In support of this position, Harty v. State of New York ( 52 Misc.2d 255) is cited. This case, in which the State was held liable for damages for the wrongful detention of Mr. Harty for a period of six years between his plea of guilty and his sentencing, was an outgrowth of People ex rel. Harty v. Fay ( 10 N.Y.2d 374) in which Judge DESMOND stated that an inordinately long and unexplained delay in imposing a criminal sentence is not only an error, but causes the trial court to lose jurisdiction. In the subsequent damage suit, the court rejected the State's argument that it was insulated from liability by the sentencing order signed by a Justice of the County Court, and held that the committing court did not have the requisite jurisdiction.
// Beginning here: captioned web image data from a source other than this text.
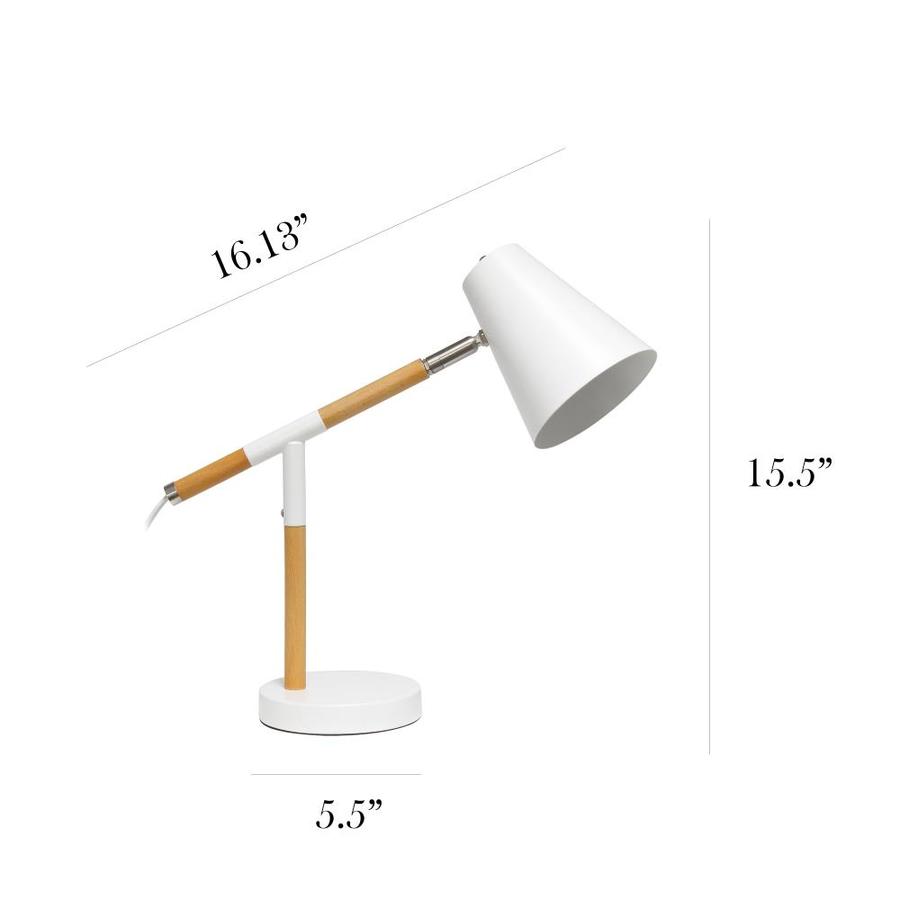 swing arm desk lamp with base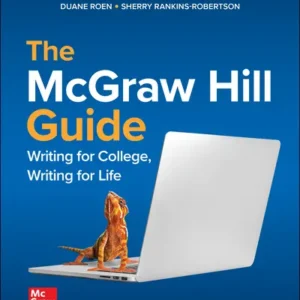 The McGraw-Hill Guide: Writing for College, Writing for Life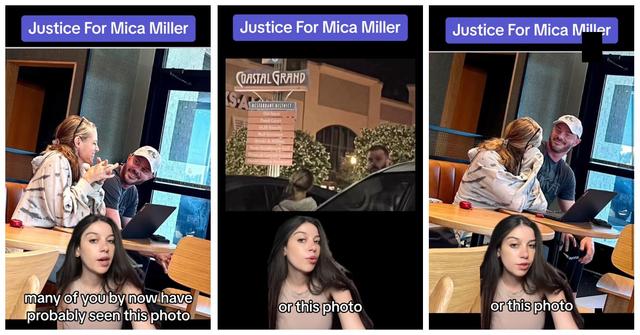 Photos of John Paul Miller and his alleged girlfriend Suzie Skinner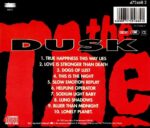 The The-Dusk Cover back CD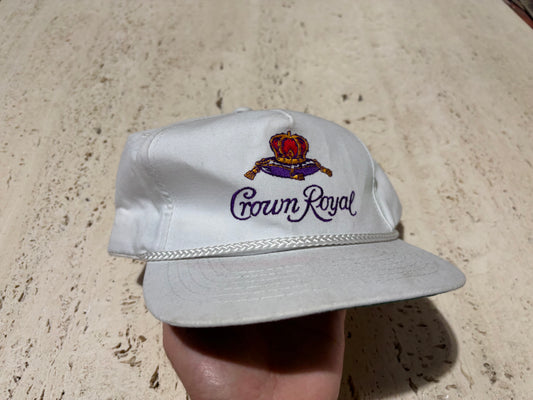 Crown Royal Hat - White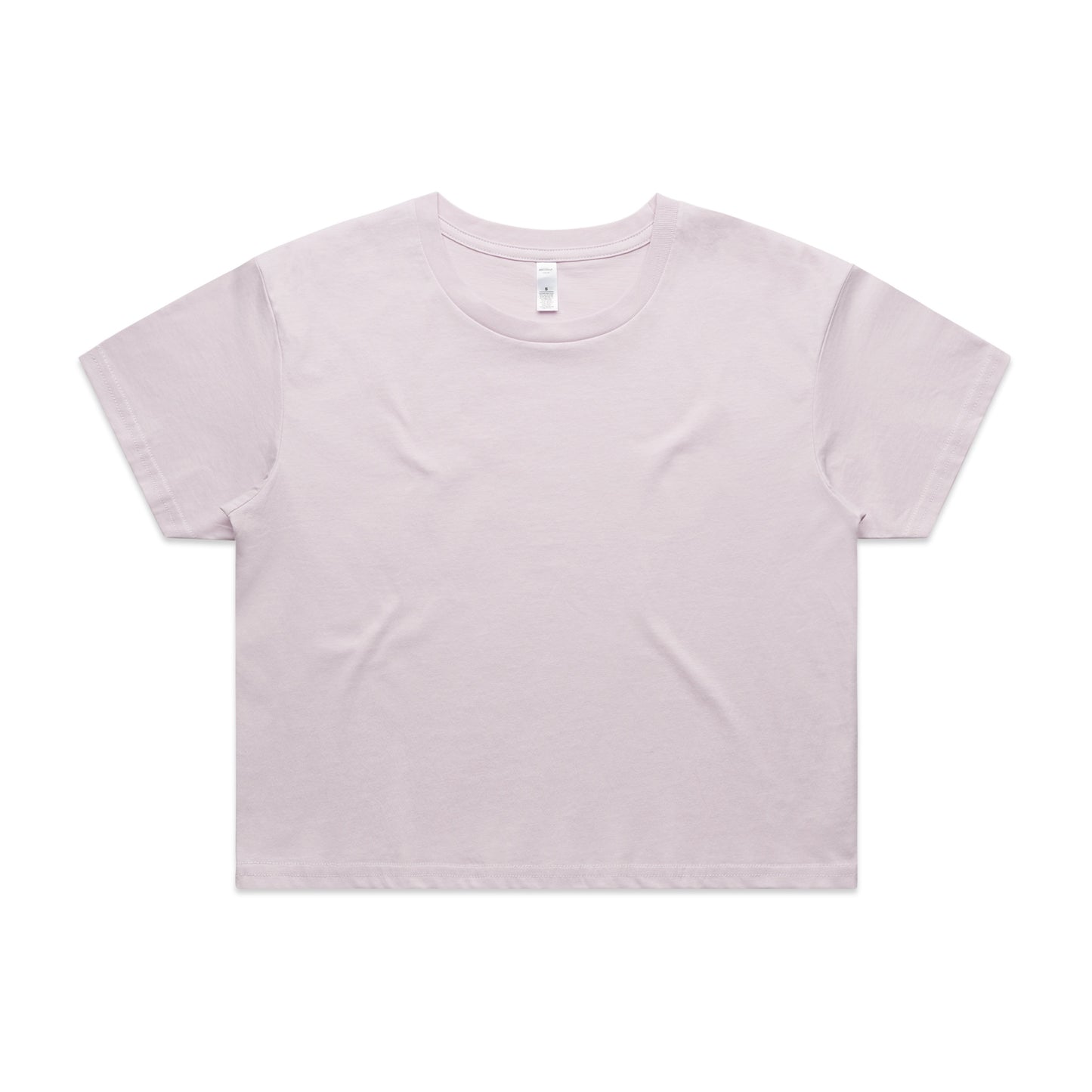 ASCOLOUR - WO'S CROP TEE - 4062 -( XSM - MED)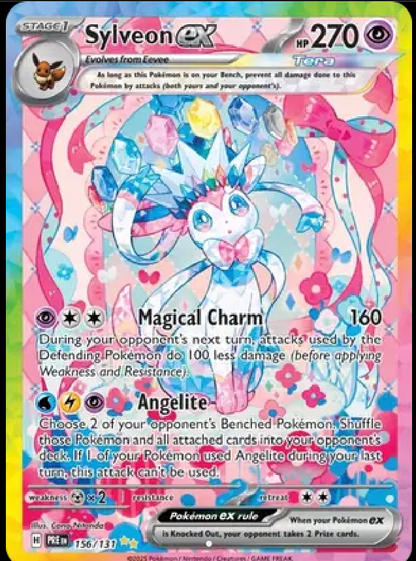 Pokemon TCG Prismatic Evolution Packs (EN) | SV 8.5 Prismatic Evolutions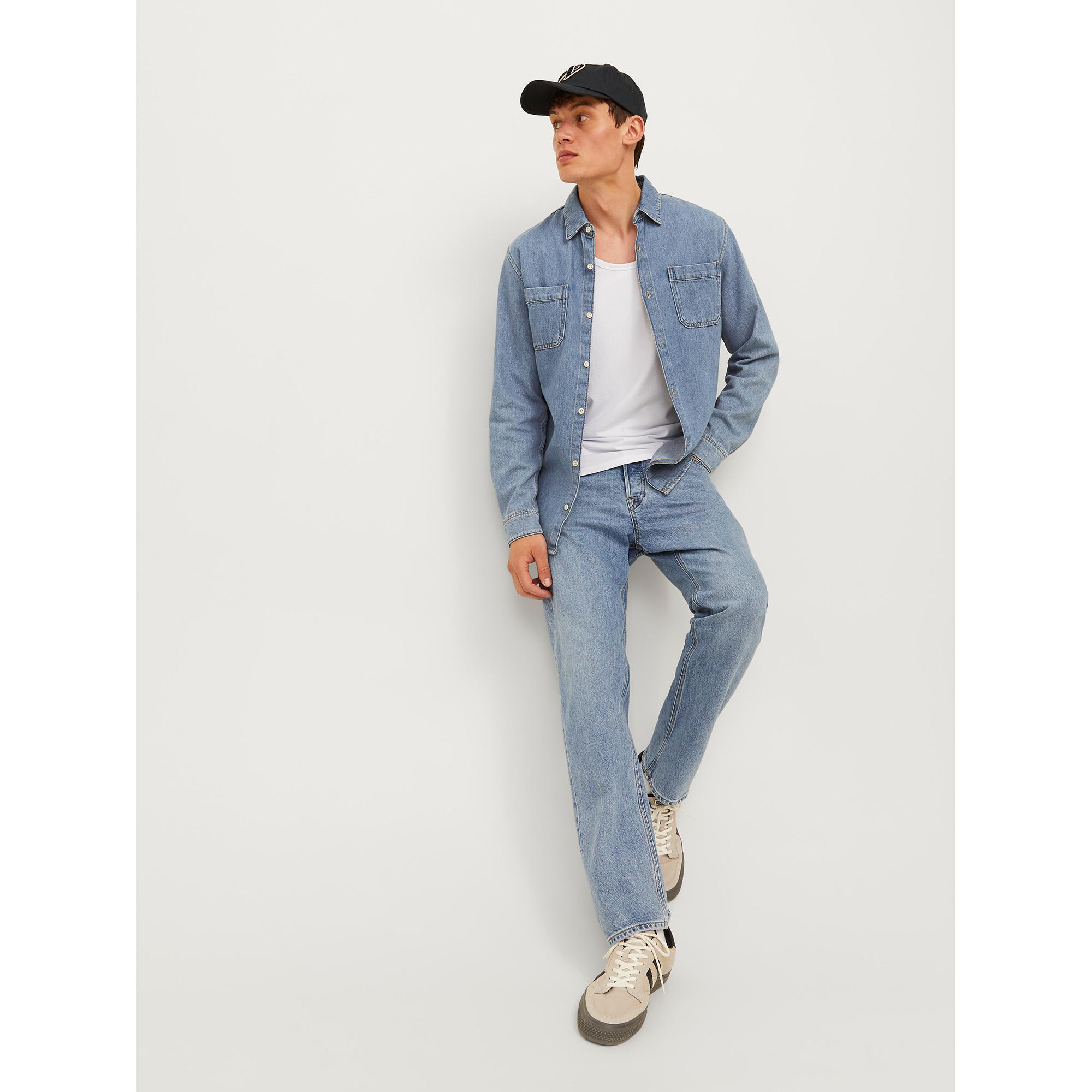 JACK & JONES JJICHRIS JJCLASSIC AM 479 NOOS Jeans, Straight Leg Fit 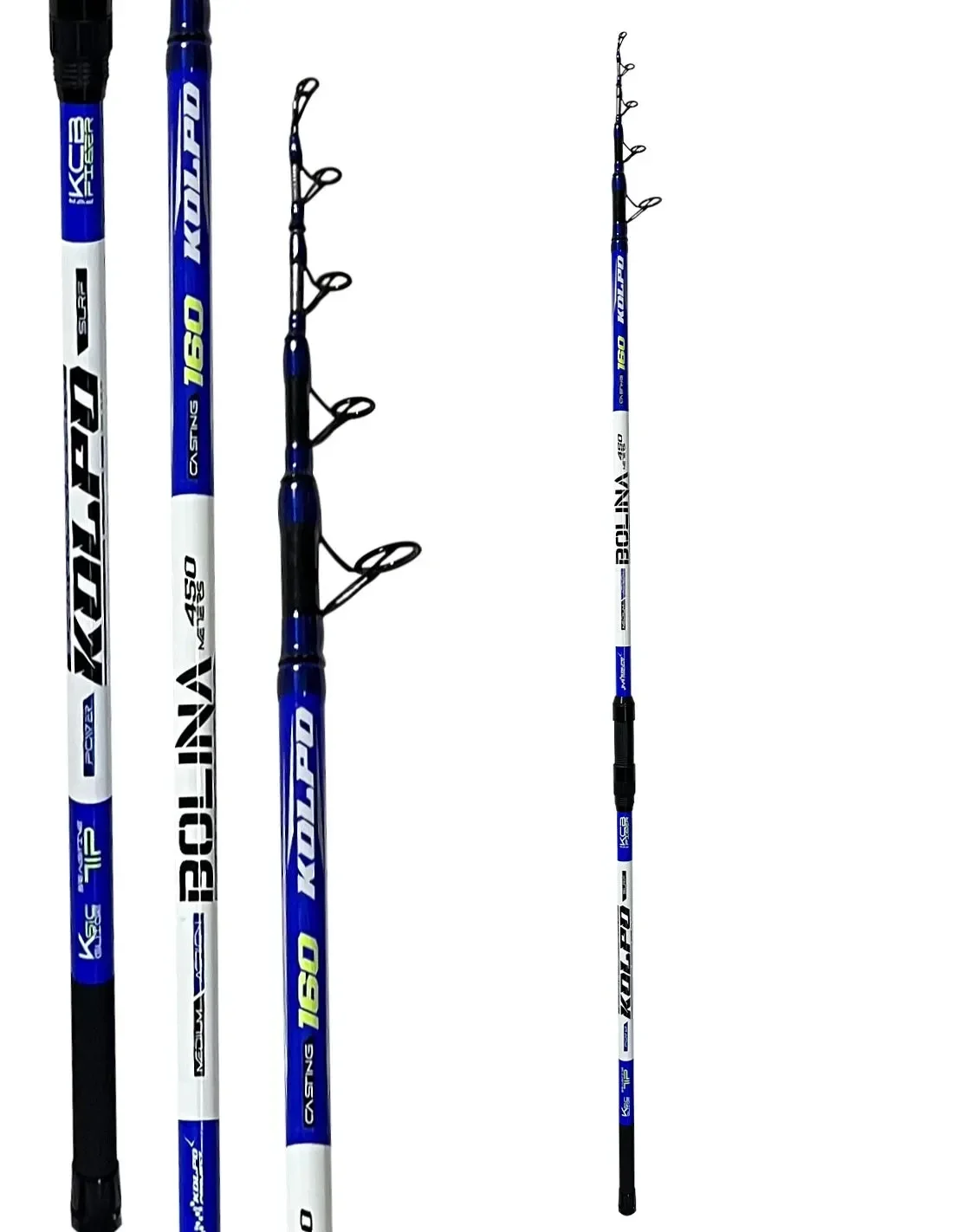 CANNA SURFCASTING TELESCOPICA KOPO BOLINA 4,20 MT - 160 GR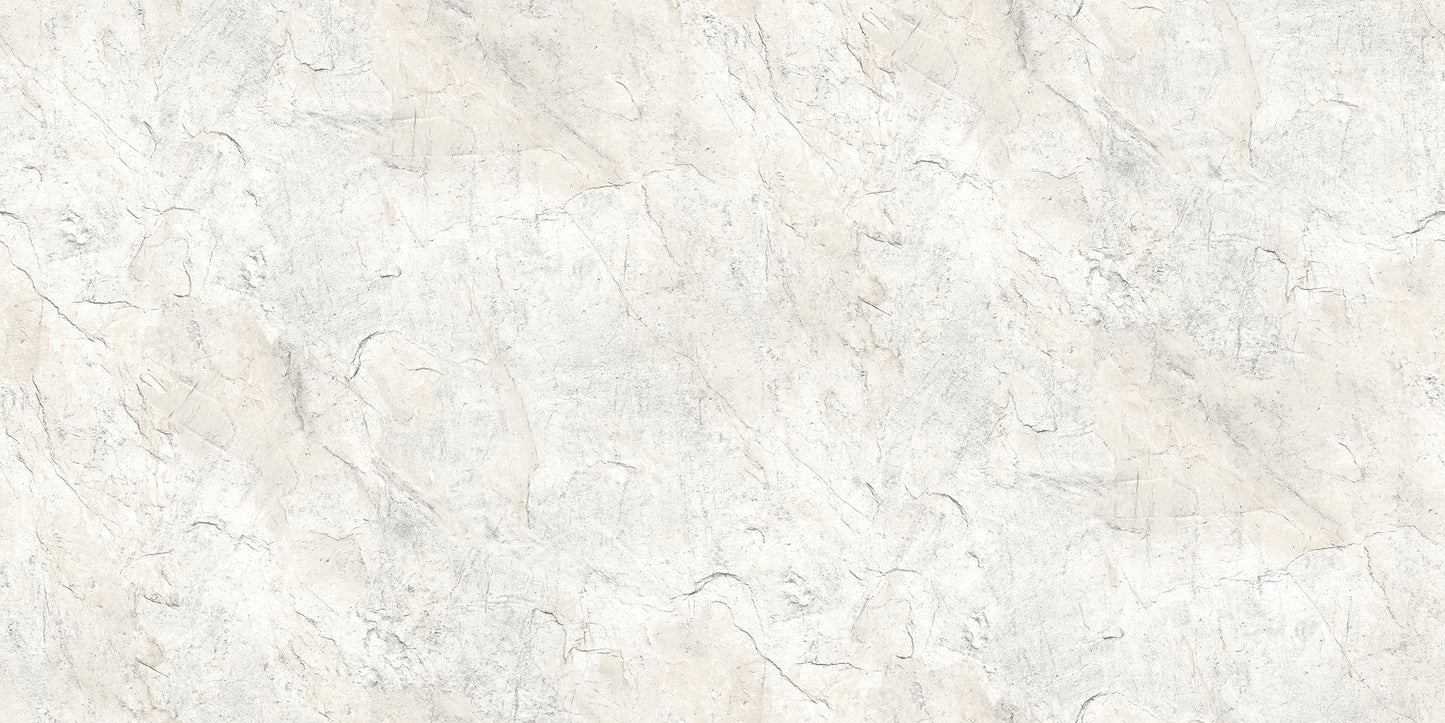 Veer Decor Slate Fusion White Wallpaper Abstract Contemporary, Modern, Traditional, Transitional White Wallpaper - 8252-AC1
Claimant further contends that the State has waived its immunity from liability (Court of Claims Act, § 8) and is liable for the acts of its officers and employees in their official capacities. In this category he includes the District Attorney and Parole Officer.

As to the measure of damages, claimant compares and likens his situation to the facts in Campbell v. State of New York ( 186 Misc. 586) in which there was an erroneous conviction and sentencing of Mr. Campbell for more than seven years on a charge of forgery, to which another man confessed and for which a special act of the Legislature was passed to enable Mr. Campbell to recover damages.

Though a special statute was enacted and claimant was proven innocent and pardoned in Campbell v. State of New York ( supra) the situation is not so dissimilar from the instant facts as the State would wish it to be considered. One of the purposes of the Court of Claims Act, under which the instant claim is brought, is to obviate the need for frequent special legislative acts to redress wrongs and to make whole those damaged by the State through court machinery established for that purpose by the Legislature.

The Judge before whom this claimant was tried, later dismissed the indictment on his own motion. Therefore, no conviction should rest on the no longer existing indictment. Claimant's situation therefore comes within the rule of the Campbell decision ( supra). In the instant matter though claimant's innocence never was adjudicated, his commitment was found to be improper by a Supreme Court Justice.

The Attorney-General argues that the State is not liable, since the committing court had jurisdiction and the order of commitment was valid on its face. The court recognizes that it is settled law that the State cannot be held liable for the errors of a judicial officer on the theory of respondeat superior or otherwise. ( Koeppe v. City of Hudson, 276 App. Div. 443; Newiadony v. State of New York, 276 App. Div. 59.)

The court recognizes the soundness of purpose in such a rule. Recently, it was stated by the United States Court of Appeals, in Fanale v. Sheehy ( 385 F.2d 866, 868): "The immunity rule is designed to promote `principled and fearless decision-making' by removing a judge's `fear that unsatisfied litigants may hound him with litigation charging malice or corruption.' Pierson v. Ray, 386 U.S. [547] at 554. To accomplish this purpose exceptions must be confined to situations in which it is perfectly clear that the court acted wholly without jurisdiction."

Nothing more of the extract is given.